ACs don't waste your time replying, your posts are never seen by me.
" it seems to me,if we can build virtualization tools for Linux that can allow me with VERY little trouble to run an entire Windows OS and have it interact with the host OS in real time, then surely we can build something that allows me to run the stupid windows printer drivers the way I run those damned broadcoms."
You are assuming that the ability to do one thing proves that it's therefore possible to do something entirely different. Virtual machines of various types have existed since the 1950s because they're conceptually fairly simple, and the mainframe world has been virtualising operating systems for the best part of four decades because it isn't particularly difficult to do, especially when the ones being virtualised can already boot in a non-virtual way on the host hardware. Running software for one OS under an entirely different one is however (as the people who've been writing WINE will attest) a _much_ more difficult process, because one has to implement all the APIs that it interacts with on the other OS, something even Microsoft have trouble achieving between versions of their own operating systems despite having the entire source code to all of them, hence the fact that every new version of Windows "breaks" lots of software and drivers that ran perfectly well under the previous ones. If there was a simple solution to this problem, then one of the people with a deeper knowledge of both Windows and Linux than you or I would have already implemented it, just like somebody already implemented ndiswrapper to cope with some types of Winmodems.
"If there was only some way to virtualize printer drivers,she and a lot of folks who know almost nothing about the pc and have even less money could have a safe and reliable OS."
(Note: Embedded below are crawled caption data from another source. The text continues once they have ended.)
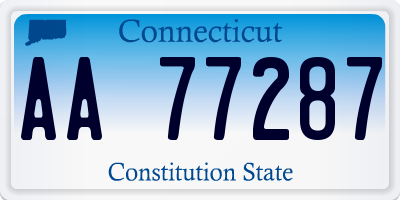 CT license plate AA77287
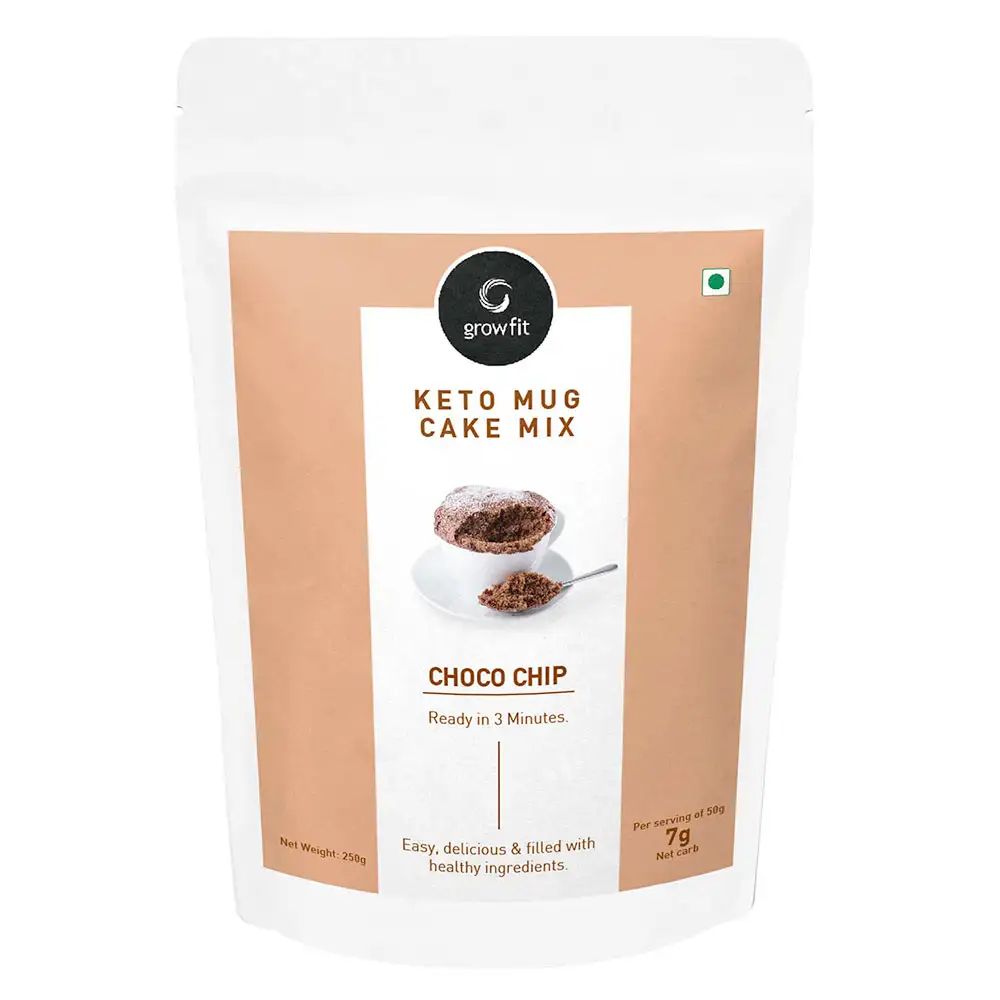 GrowFit Keto Mug Cake Mix,  Choco Chip  250 g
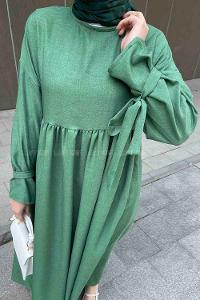 Lamelif Düşük Kol Bağlamalı Keten Tesettür Elbise Yeşil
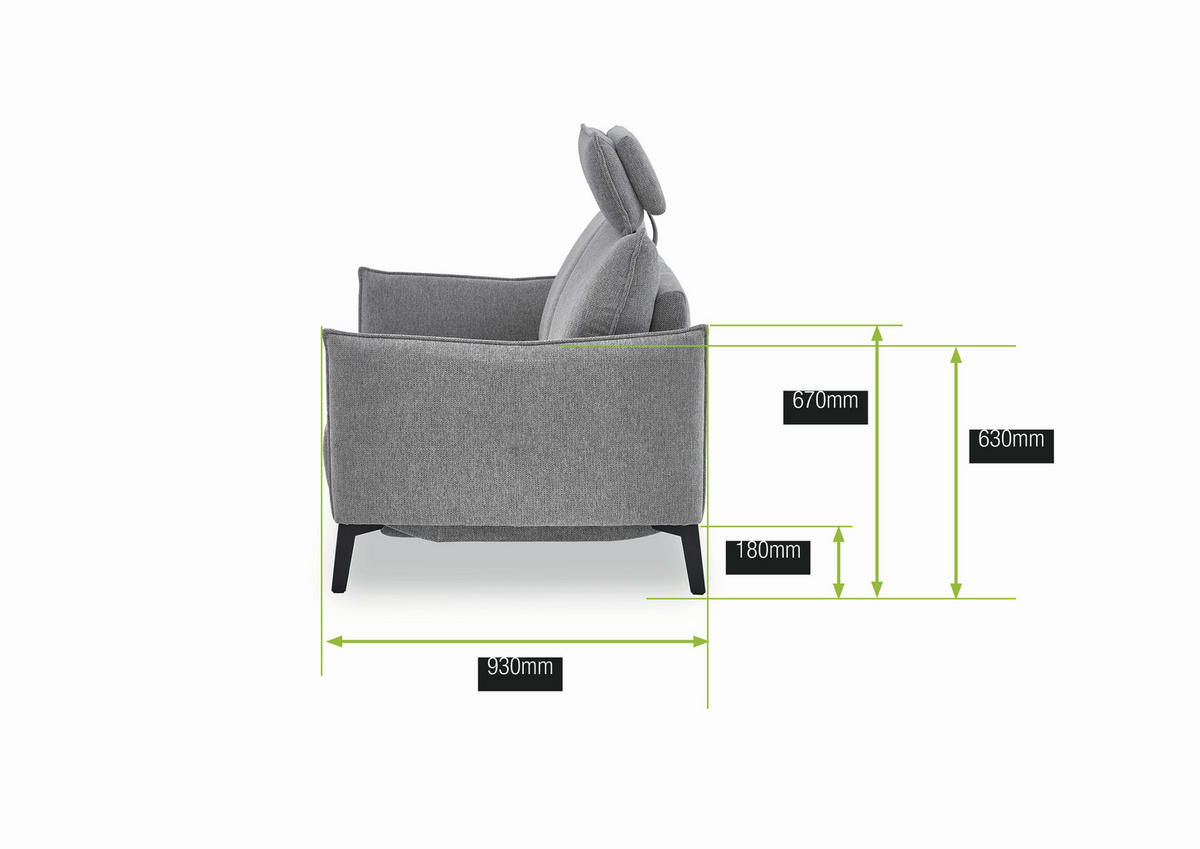 3-SITZER-SOFA Chenille Senfgelb  - Senfgelb/Schwarz, KONVENTIONELL, Textil/Metall (184/90/92cm) - Elegando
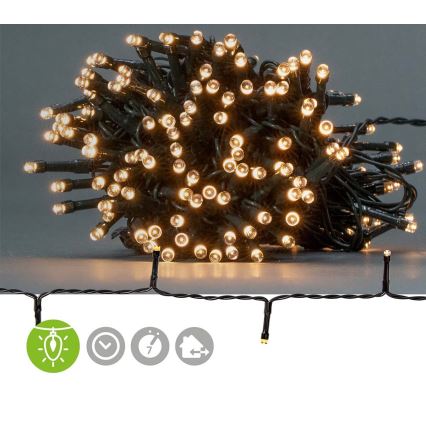 LED udendørs lyskæde 192xLED/7 funktioner/3xAA 14,9m IP44 varmhvid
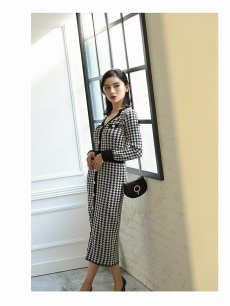 画像2: ワンピース キャバドレス 韓国風 千鳥柄 ロング お出かけ デート DaysPiece(M)(ブラック) (2)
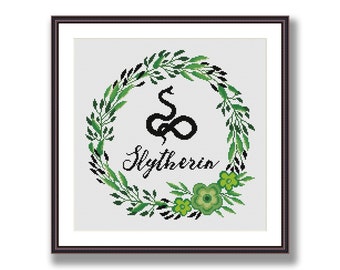 Green Floral Crest - Movie Fan Art Cross stitch pattern PDF Instant Download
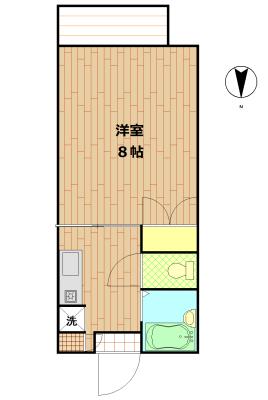 ヒルズ自由が丘(1K/1階)の間取り写真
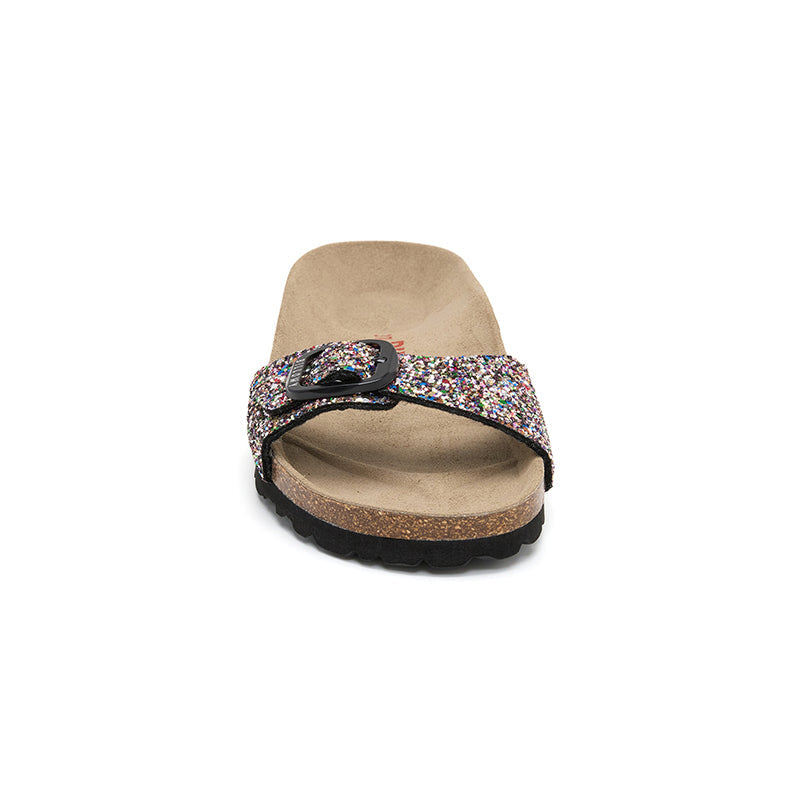 Sandalia Santa Mónica multicolor negra para mujer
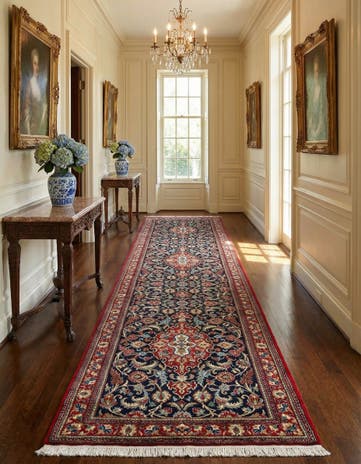 2' 7 x 13' 2 Hand Knotted Qom Persian Runner Rug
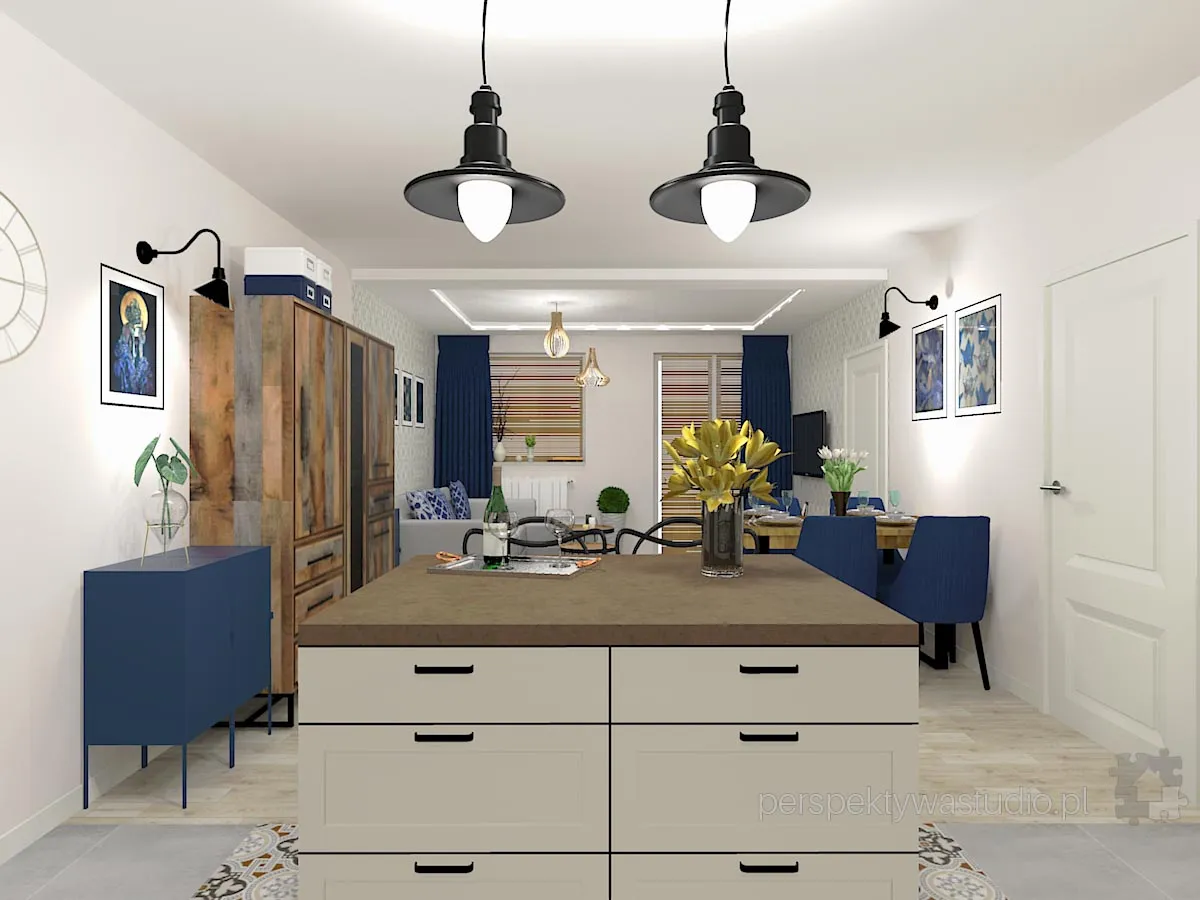 projektant wnetrz Lublin perspektywastudio.pl projekt salonu z aneksem nazywa sie irysh 22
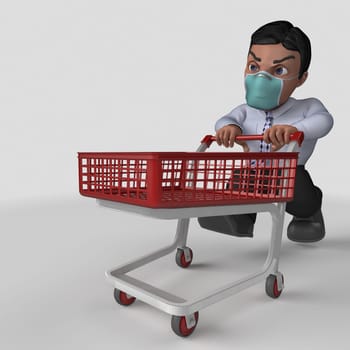 3D Render of Cartoon Business Character in face mask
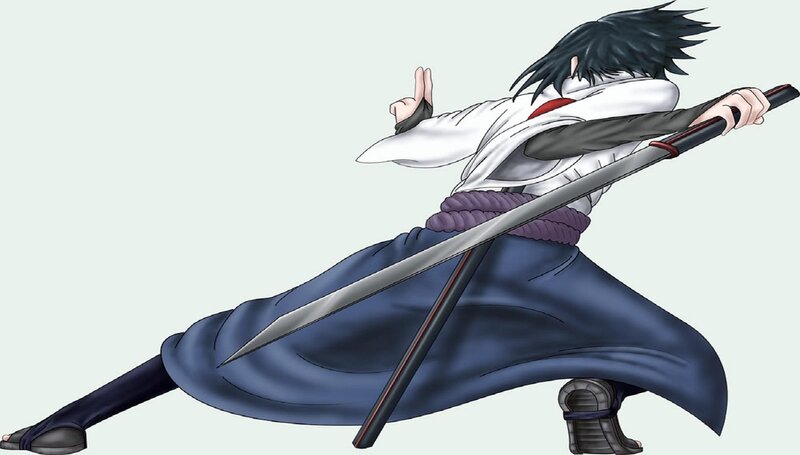 Anime Character with Sword — Blue, Action, Manga, White Robe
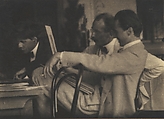 Stieglitz, Steichen and Kuehn Admiring the Work of Frank Eugene, Frank Eugene American, Platinum print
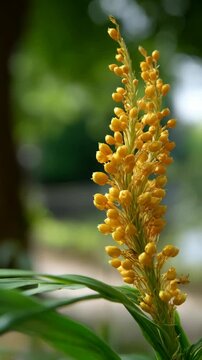 Close up on a vibrant yellow Globba winitii plant with distinctive flower clusters and lush green leaves.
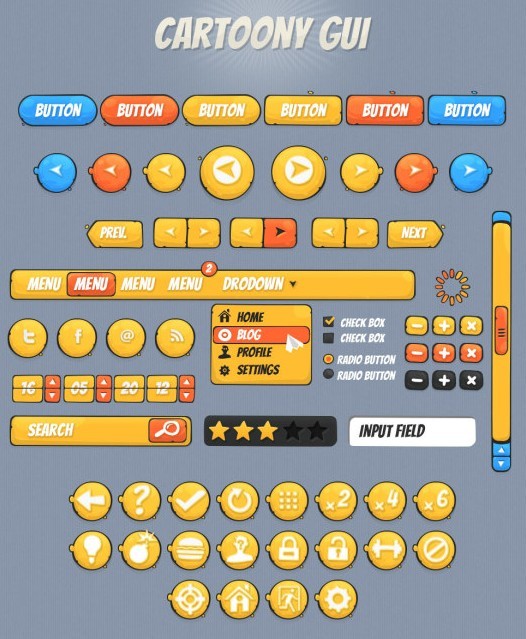 Cartoony GUI Kit PSD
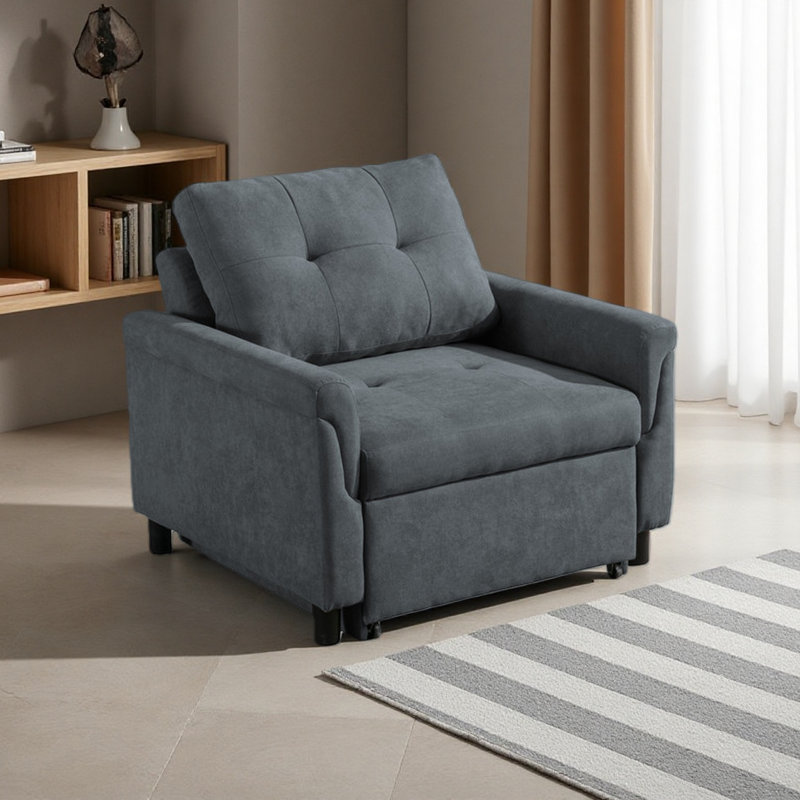 Fauteuil convertible 35 po, Gris foncé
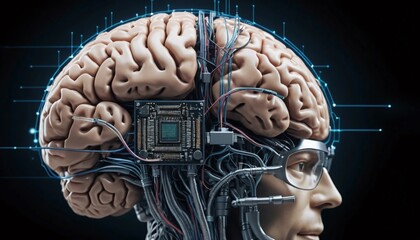 Exploring neural integration brain-computer interface technology digital space infographic futuristic viewpoint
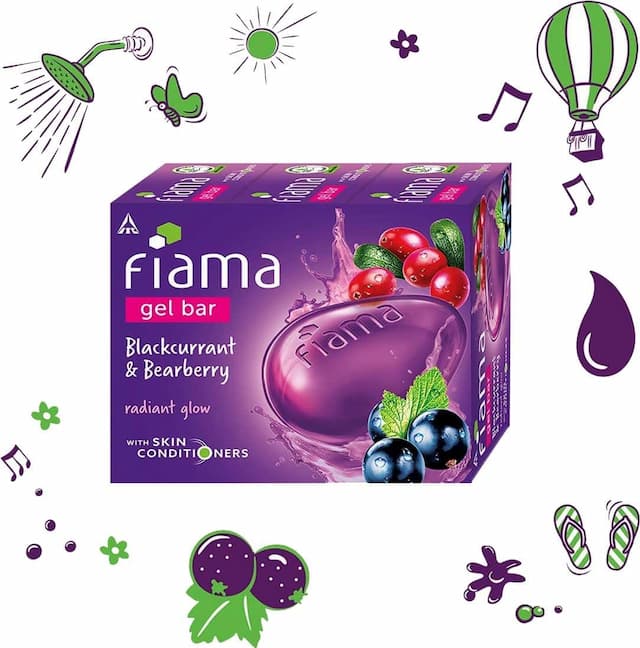 Fiama Gel Soap Bar, Blackcurrant And Bearberry Radiant Glow With Skin Conditioners - 125g(Pack Of 3)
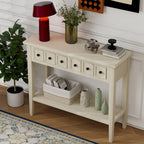 38.2-Inch Rustic Console Table with Open Shelf, 3 Drawers, and Rubber Wood Legs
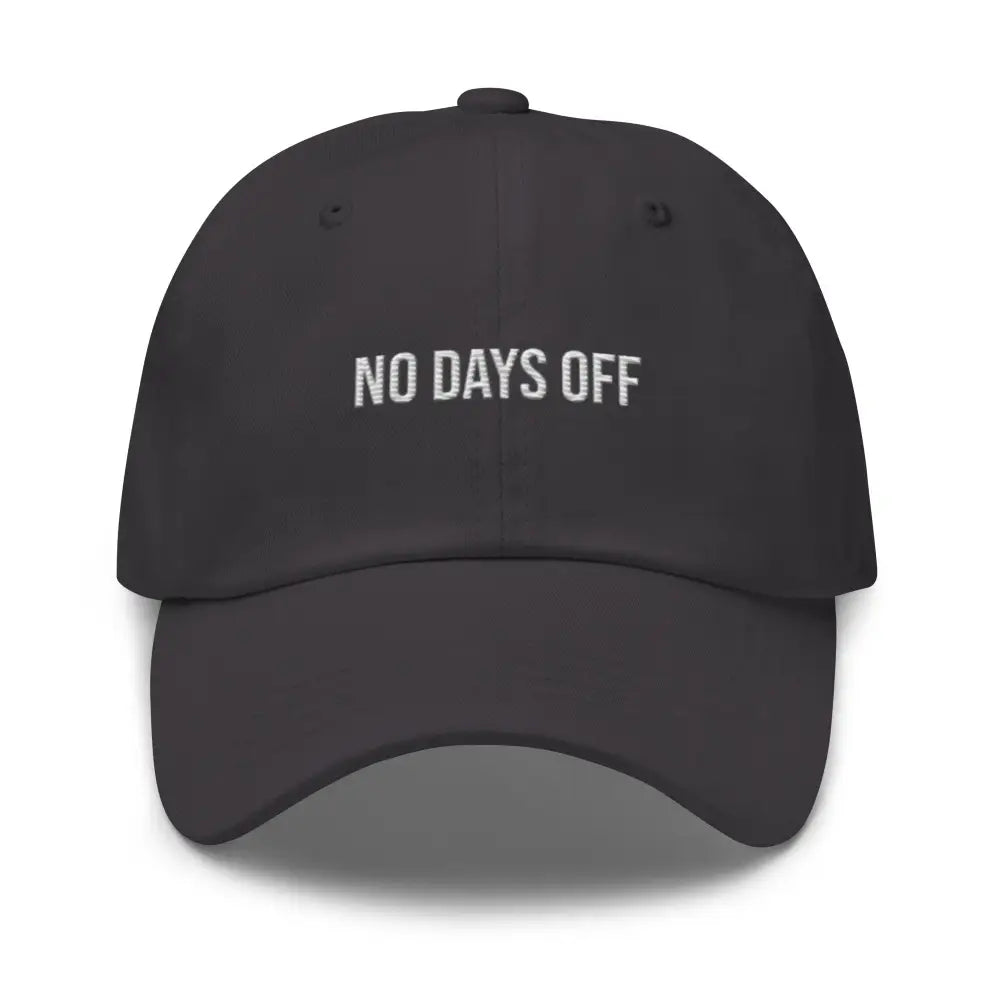 Dark gray embroidered corduroy cap with No Days Off text by Trini Skies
The only possible solution to this would be WINE or a similar Windows API layer for Linux, because (as I've said repeatedly) cheap all-in-one printers use the Windows API and Windows fonts to handle things that less crappy hardware does for itself. However, the fact that few if any drivers for printers bought a year ago will work under Windows Vista means that the chances of them running under WINE are minimal at best.
"I firmly believe that ultra cheap pc's like the everex will end up taking over the granny and joe sixpack crowd,if only we can figure out a way to get those damned printers to work.I've never had any trouble getting any other piece of hardware running,but those damned printers end up being the dealbreaker every time."
Software, irrespective of whether it's a driver or an application, is often a deal breaker both for Linux / OS X and newer versions of Windows won't run something people need to use. I don't think there'll ever be a guaranteed way of making those devices work with anything except the specific versions of Windows they were designed around unless their manufacturers decide that (for example) Macs become worth supporting, which will help with Linux due to the fact that OS X is conceptually far closer to it than either of them are to Windows. I wouldn't hold my breath though, because the fact that Macs are becoming much more common nowadays doesn't mean that those who buy them will want a cheap, slow, resource-intensive device that uses ludicrously overpriced refills when a few extra dollars gets something with much better performance and durability that's cheaper to run, and therefore costs the same amount (and quite frequently less) over its useful life.
I'm not going to change your sheets again, Mr. Hastings.